Carrie Coon is one of the many working moms in Hollywood, but her current job doesn’t just mean she is away from her kids from 9 – 5 or occasionally works a late night. No, as one of the stars of Season 3 of The White Lotus, Coon is on the opposite side of the globe from her kids, filming on location in Thailand.
And before the mom shamers start clutching their pearls and ranting about “abandonment,” Coon has a lot to say about working motherhood that will hopefully change the way busybodies think.
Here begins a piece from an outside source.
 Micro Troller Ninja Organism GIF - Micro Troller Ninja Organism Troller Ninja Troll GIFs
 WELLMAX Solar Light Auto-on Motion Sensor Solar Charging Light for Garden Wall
“Trying to balance a successful career, which I’m in the throes of right now, with raising young children means there’s always an opportunity cost,” she told Marie Claire, fully acknowledging that there are cons. “I either have to turn down a really great job or my relationship with my children will suffer on some level.”
Of course, the actress signed on to play the role of Laurie in the hit HBO series, and that has come at an “opportunity cost,” but she says her children are “are incredibly privileged and safe and well cared for.”
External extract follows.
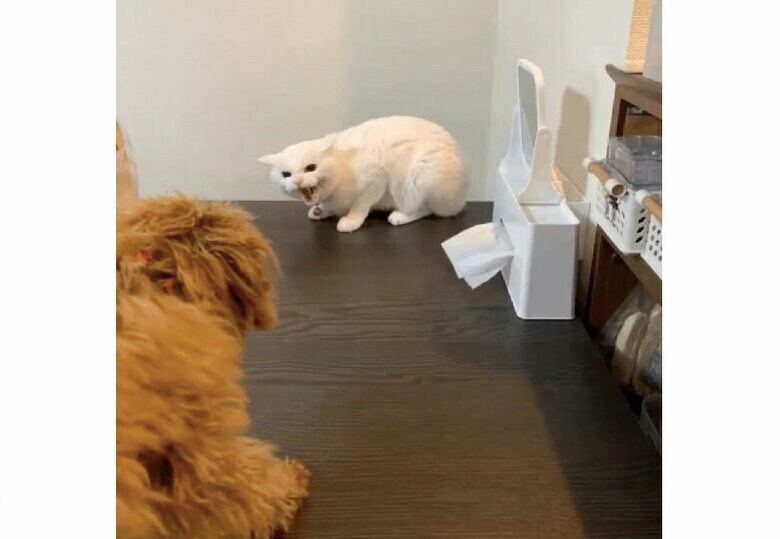 妹宅の犬と初対面（提供：ハク様）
“They have wonderful people in their lives who support us,” she said. “However, women at all levels are struggling with this question of work-life balance that is absolutely impossible to achieve.”
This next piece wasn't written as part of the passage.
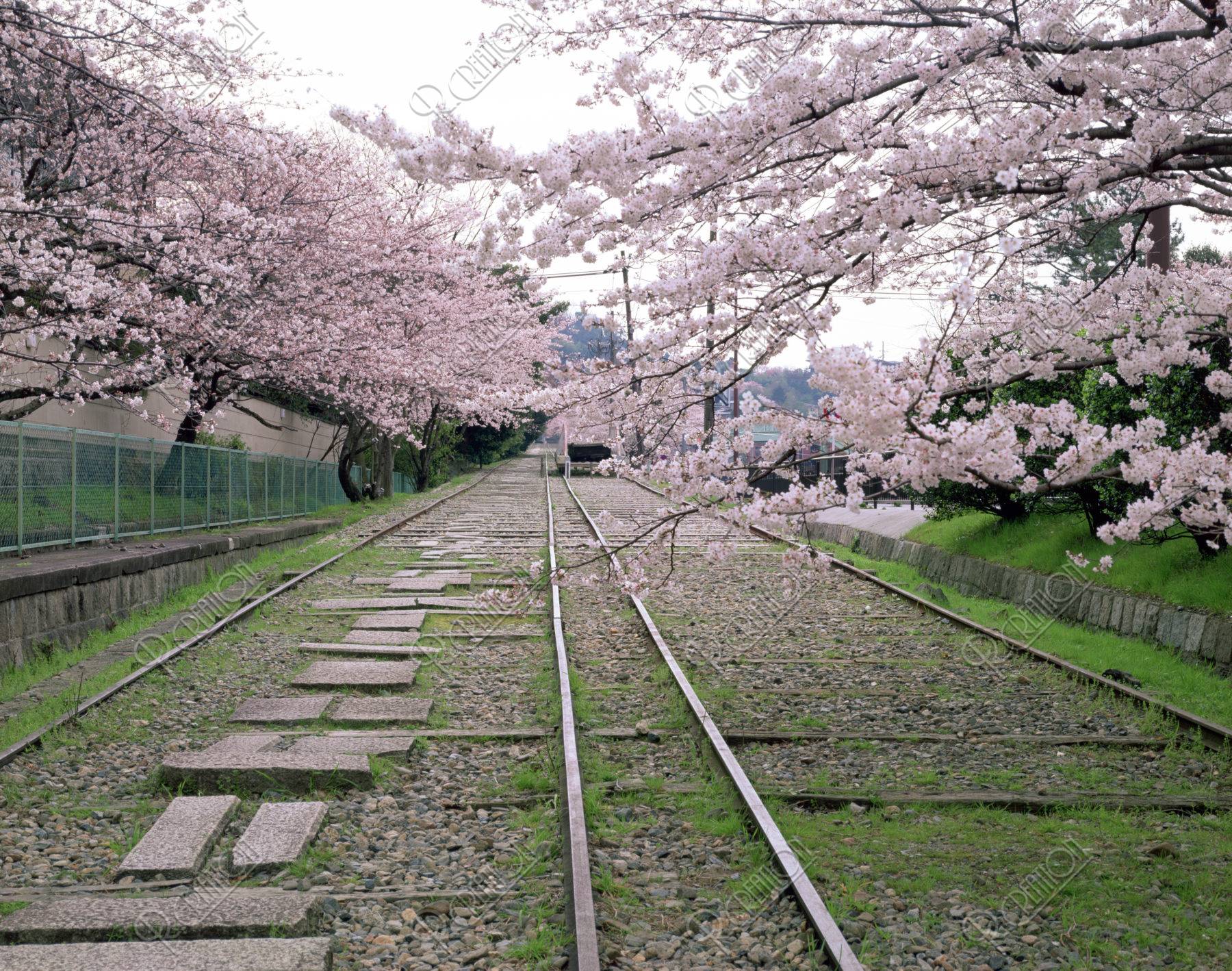 岡崎インクラインの桜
Louder for the people in the back: “Absolutely impossible to achieve!” There will never not be a cost, and there will never not be a fly on the wall judging you for the way you work and/or parent. (Yay, motherhood!)

While filming, the “balance”(or maybe we should say “routine,” since “balance” is ever-elusive) Coon found was astounding — in the sense that instead of being a daily practice, it came in chunks. There were stretches of time when she fully worked and/or relaxed, and stretches of time when she was in full mom mode.
“For me, to go away [to film in Thailand] for weeks at a time, I would sleep when I wanted to sleep, somebody was cooking for me, and I didn’t have to clean up. I could read books and I could exercise and take care of myself. I could meditate, and I could go swim in the ocean,” she said. And we know there must be so many moms reading this who are probably equal parts pissed off and pining. Coon got to sleep when she wanted, was waited on hand and foot, and regularly practice self-care? What a sweet deal she seemingly had in comparison to other moms in the trenches of parenthood.
And she is fully aware of that fact.
“Being the arbiter of how I spend my time is something that I don’t know another woman who’s parenting right now has,” she said. “The idea that my career affords me the chance to step away from being a mother and then come back to it so that I can appreciate it on another level is a thing most women don’t get.”
She credits her husband Tracy Letts — with whom she shares a son, Haskell (born 2018) and a daughter whose name hasn’t been revealed (born 2021) — with “making space” for her to have this “tremendous gift” to live a creative life and do something she finds “really fulfilling.”
But, to the cynics who might hate on Coon for her ability to do a job she loves and take care of herself — all while taking time away from her young kids — it’s not all unicorns and rainbows. Because when there was free time during filming and her coworkers were jet-setting to Cambodia or Tokyo, she was hopping on an 18-hour flight to go back to her kids.
And when you’re in Mom Mode, there’s no time for trivial things like jet lag.
“I got pneumonia,” she said of the constant travel without sleep. “I was so sick during a lot of that shoot because I had to go back and forth.”
” … I got to go home to New York and do laundry and make dinner and make sure my children are feeling psychologically cared for, and make sure the nannies have the right schedule and that the swimming lessons are scheduled for the summer, and that all the bills are paid for these extracurricular activities,” she continued. “The responsibilities were just overwhelming.”
So fear not, mom shamers, sure Coon has a lot of support that most parents don’t have access to, and sure, she takes time to go pursue a fulfilling career that has enviable perks, but she also tackles the all-consuming tasks of motherhood when she is back with her kids.